Security

At Seamfix, we are committed to running a world class, secure, reliable and trusted cloud service. For us, ensuring safety of your work and data is topmost priority and we show it in numerous ways which we have explained below.

We are committed to securing your data and as a result have subdued our solution to numerous Vulnerability and Penetration tests by one of Nigeria’s leading consulting and integration firm with special focus in System Compliance and Cyber-security.

BioRegistra services are hosted on the Amazon Cloud Platform, and many of the specifics and compliances in this document reflect the ways in which we leverage the massive investments that Amazon itself makes in security to the benefit of our customers.

Application Security

Authentication

To reduce the risk of unauthorized access to data, BioRegistra employs authentication for administrative access to systems with more highly classified data. Where possible and appropriate, BioRegistra uses token IDs for authentication. For example, calls to the backend servers require connection using system generated token that combines numerous metrices like time of request, ID of device, role of user, etc. before calls are honored.

Where passwords are used, they are required to be complex (length, combination, among other requirements).

Audit Trail for activity monitoring

With our audit trail reports, you can track the activity of your agents and Other users on your project. This helps you monitor and track in cases where You need to do any form of auditing on your account. You can also export this Report in multiple formats to be used outside the system. Also, BioRegistra possesses integrated real-time client analytics which probes, stores, and monitors all key activities done on a device.

User and data account privacy

BioRegistra is a cloud service platform, however, we take maximum Caution to ensure your data is only accessible by you or your other users That you have granted the privilege to. You can also assign different roles with different privileges as you desire.

Customer Payment Information

We use Flutterwave’s RavePay for payment processing and do not store any Debit card information or Bank account details. RavePay is a trusted, PCI-DSS Compliant gateway.

API and Integrations

All access to BioRegistra API endpoints require an authentication key that is generated on demand for customers. Integrations can also be disabled at any time if any fraudulent activity is suspected.

System Security

Servers and Networking

All servers that run BioRegistra software in production are recent, continuously patched systems. Additional hosted services that we utilize are comprehensively hardened platforms.

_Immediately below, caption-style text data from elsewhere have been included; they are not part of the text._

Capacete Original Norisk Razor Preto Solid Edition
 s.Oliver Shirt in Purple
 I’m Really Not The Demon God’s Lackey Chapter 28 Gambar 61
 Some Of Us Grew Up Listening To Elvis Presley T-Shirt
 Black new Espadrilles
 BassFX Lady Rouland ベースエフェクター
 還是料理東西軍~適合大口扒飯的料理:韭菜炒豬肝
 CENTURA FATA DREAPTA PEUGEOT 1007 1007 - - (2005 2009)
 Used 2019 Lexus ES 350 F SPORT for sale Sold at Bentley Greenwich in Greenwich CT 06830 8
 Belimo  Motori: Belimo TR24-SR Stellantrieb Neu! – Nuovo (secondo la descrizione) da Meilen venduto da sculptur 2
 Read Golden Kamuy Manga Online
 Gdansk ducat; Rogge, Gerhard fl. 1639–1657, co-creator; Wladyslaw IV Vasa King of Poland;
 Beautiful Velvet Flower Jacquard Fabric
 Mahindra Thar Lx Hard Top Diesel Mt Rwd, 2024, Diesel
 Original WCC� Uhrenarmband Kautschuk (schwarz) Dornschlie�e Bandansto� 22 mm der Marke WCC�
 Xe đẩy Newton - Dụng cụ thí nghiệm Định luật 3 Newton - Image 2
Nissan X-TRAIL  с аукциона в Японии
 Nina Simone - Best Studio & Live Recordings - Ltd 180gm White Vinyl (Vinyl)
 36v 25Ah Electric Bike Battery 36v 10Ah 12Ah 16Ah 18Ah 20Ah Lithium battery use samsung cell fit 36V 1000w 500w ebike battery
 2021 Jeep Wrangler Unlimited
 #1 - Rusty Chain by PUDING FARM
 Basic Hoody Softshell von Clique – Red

Our web servers use the HTTPS security so that requests are protected from man-in-the-middle attacks. We utilize industry standard security such as GlobalSign SSL for 128-bit encryption of your information, same as used by many top organizations and financial institutions.

Internal tier-to-tier requests are signed and authenticated to prevent request forgery, tampering, and replay.

Root Access Detection

Rooting is the process of allowing users of smartphones, tablets and other devices running the Android mobile operating system to attain privileged control (known as root access) over various Android subsystems. When a device is rooted, a user can access root data on the device at will. However, one security feature on BioRegistra is that the application for android devices cannot run on rooted android devices, thereby avoiding manual data access and manipulation.

Secure Data encryption and Transportation

We secure your data in all digital states – when it is at rest, when it is in transit and when it is in use.

Data at Rest – Encryption of captured data (Using AES) to ensure data safety and data integrity.

Data in Use - With controlled access and authentications in place, data in use is protected against suspicious users and potential threats.

Data in Transit – HTTPS connections between the client and the backend is used to ensure efficient security while data is being transported at the Layer 4 (Transport Layer).

Operational Security

Policies and standards

Seamfix maintains a set of policies, standards, procedures and guidelines that provide the BioRegistra workforce with the “rules of the road” for operating BioRegistra's ISMS. Our security documents help ensure that BioRegistra customers can rely on our workers to behave ethically and for our service to operate securely.

Code Reviews and Production Signoffs

All changes to source code destined for production systems are subject to pre-commit code review by a qualified engineering peer that includes security, performance, and potential-for-abuse analysis.

Prior to updating production services, all contributors to the updated software version are required to approve that their changes are working as intended on staging servers.

Disaster Recovery

With data automatically backed up and replicated across multiple redundant nodes and across regions, you are safe from a single point of failure without requiring significant upfront investment in infrastructure.

Periodic Vulnerability and Penetration tests

BioRegistra engages independent entities to conduct regular application-level and infrastructure-level penetration tests. Results of these tests are shared with BioRegistra management. BioRegistra's Security Team reviews and prioritizes the reported findings and tracks them to resolution.